Delete series for object storage

Status
Owner: @bwplotka, Harshitha1234, metalmatze

Ticket: https://github.com/thanos-io/thanos/issues/1598

Summary

This design document proposes deletion of series for object storage in Thanos. This feature mainly causes changes in the Store component and masks the series from objstore corresponding to the user deletion requests and does not trigger actual deletions in the object storage which is proposed to be the future work extension of the current proposal.

Motivation

The main motivation for considering deletions in the object storage are the following use cases

Accidental insertion of confidential data: This is a scenario where a user accidentally inserts confidential data and wants to delete it immediately.

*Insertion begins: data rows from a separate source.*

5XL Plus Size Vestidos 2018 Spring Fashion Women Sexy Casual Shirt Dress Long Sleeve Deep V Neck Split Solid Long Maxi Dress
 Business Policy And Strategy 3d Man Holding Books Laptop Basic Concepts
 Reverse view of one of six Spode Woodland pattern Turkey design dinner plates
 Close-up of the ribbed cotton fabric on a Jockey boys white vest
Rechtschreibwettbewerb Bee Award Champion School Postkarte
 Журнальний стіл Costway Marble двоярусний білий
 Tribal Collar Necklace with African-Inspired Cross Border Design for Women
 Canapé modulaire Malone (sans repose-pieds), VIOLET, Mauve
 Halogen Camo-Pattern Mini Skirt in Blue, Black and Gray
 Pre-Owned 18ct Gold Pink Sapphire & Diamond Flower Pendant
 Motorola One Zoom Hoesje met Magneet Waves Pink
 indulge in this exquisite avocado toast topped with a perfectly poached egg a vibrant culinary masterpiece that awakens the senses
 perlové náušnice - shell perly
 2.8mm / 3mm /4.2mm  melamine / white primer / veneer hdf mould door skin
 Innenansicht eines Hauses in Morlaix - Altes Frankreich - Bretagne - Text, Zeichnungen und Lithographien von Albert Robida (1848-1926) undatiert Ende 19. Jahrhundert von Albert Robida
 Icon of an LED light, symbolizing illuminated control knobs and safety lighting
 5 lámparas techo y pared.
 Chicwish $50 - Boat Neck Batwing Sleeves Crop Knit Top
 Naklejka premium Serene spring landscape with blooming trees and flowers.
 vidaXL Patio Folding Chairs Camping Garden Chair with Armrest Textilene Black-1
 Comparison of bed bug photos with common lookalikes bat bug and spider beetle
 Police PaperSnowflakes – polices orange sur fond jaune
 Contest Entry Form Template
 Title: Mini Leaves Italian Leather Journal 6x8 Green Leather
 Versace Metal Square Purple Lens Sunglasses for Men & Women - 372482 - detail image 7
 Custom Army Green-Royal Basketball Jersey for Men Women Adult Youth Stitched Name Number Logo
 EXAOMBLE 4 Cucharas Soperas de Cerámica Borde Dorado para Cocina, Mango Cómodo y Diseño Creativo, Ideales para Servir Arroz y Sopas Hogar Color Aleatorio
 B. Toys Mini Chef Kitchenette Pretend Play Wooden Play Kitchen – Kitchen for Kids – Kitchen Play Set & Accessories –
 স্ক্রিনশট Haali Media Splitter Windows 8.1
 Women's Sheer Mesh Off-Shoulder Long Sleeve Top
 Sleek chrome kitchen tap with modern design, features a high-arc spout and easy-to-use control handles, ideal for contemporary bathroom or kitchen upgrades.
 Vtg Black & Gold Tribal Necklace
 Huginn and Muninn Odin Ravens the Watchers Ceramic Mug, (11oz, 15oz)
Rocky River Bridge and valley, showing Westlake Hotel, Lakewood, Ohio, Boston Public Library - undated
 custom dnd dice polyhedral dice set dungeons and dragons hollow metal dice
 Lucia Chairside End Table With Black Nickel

In this case, the user expects their request to accelerate an immediate deletion of the series pertaining to the blocks concerned with that specific data to be deleted.
GDPR: Masking data and eventual deletion is expected.
Deletions to sustain user requirements: Let’s assume the user has some data which leads to some unexpected results or causes performance degradation (due to high cardinality) and the user wants to restore the previous data set-up for obtaining the desired results. In this scenario, the user would want to send a request to mask the data for the time being as there isn’t a high priority requirement to delete the data but eventually during the compaction the user can expect the data to be deleted by the compactor not leading to any major performance issues.
Helps achieving series based retention (e.g rule aggregation) #903.

Goals

Unblock users and allow series deletion in the object storage using tombstones.
Performing deletions at admin level.

Proposed Approach

We propose to implement deletions via the tombstones approach using a CLI tool.
A tombstone is proposed to be a Custom format global - single file per request. Example of a tombstone file is as follows

{
		"matchers":     "up{source=\"prometheus\"}",
		"minTime":      -62167219200000,
		"maxTime":      253402300799000,
		"creationTime": 1598367375935,
		"author":       "John Gabriel",
		"reason":       "not specified",
}

Why Custom format global - single file per request? :
- As global tombstones are concerned, they would be immutable and deletion requests concurrency wouldn’t be an issue (because each request creates a new object) and the compactor would load multiple tombstones upfront (before compacting), performs compaction and makes necessary changes to the block and then deletes the tombstones once done. If new tombstones are created in the meanwhile, it wouldn’t cause a problem as the next compaction run will take them in account.
- We can easily have multiple writers
- No need to have index data of the blocks
A user is expected to enter the following details for performing deletions:
- label matchers
- start timestamp
- end timestamp (start and end timestamps of the series data the user expects to be deleted)
- creation timestamp
- author name
- reason for deletion
The entered details are processed by the CLI tool to create a tombstone file (unique for a request and irrespective of the presence of series), and the file is uploaded to the object storage making it accessible to all components.
Filename optimization: The filename is created from the hash of matchers, minTime and maxTime. This helps re-write an existing tombstone, whenever a same request is made in the future hence avoiding duplication of the same request. (NOTE: Requests which entail common deletions still creates different tombstones.)
Store Gateway masks the series on processing the global tombstone files from the object storage. At chunk level, whenever there’s a match with the data corresponding to at least one of the tombstones, we skip the chunk, potentially resulting in the masking of chunk.

Considerations

When any of the timestamps i.e., start timestamp or end timestamp or both remain unspecified we go with default values.
We don’t want to add this feature to the sidecar. The sidecar is expected to be kept lightweight.

Alternatives

Where the deletion API sits

Compactor:

Pros: Easiest as it’s single writer in Thanos (but not for Cortex)
Cons: Does not have quick access to querying or block indexes

Store:

Pros: Does have quick access to querying or block indexes
Cons: There would be many writers, and store never was about to write things, it only needed read access

How we store the tombstone and in what format

Prometheus Format per block
Prometheus Format global
Custom format per block
Custom format global - appendable file

Reasons for not choosing 1 & 2 tombstone formats i.e., Prometheus format:

In this format, for creation of a tombstone, we will need the series ID. To find the series ID we need to pull the index of all the blocks which will never scale.
This is a mutable file in Prometheus and which is not the case in Thanos Object Store.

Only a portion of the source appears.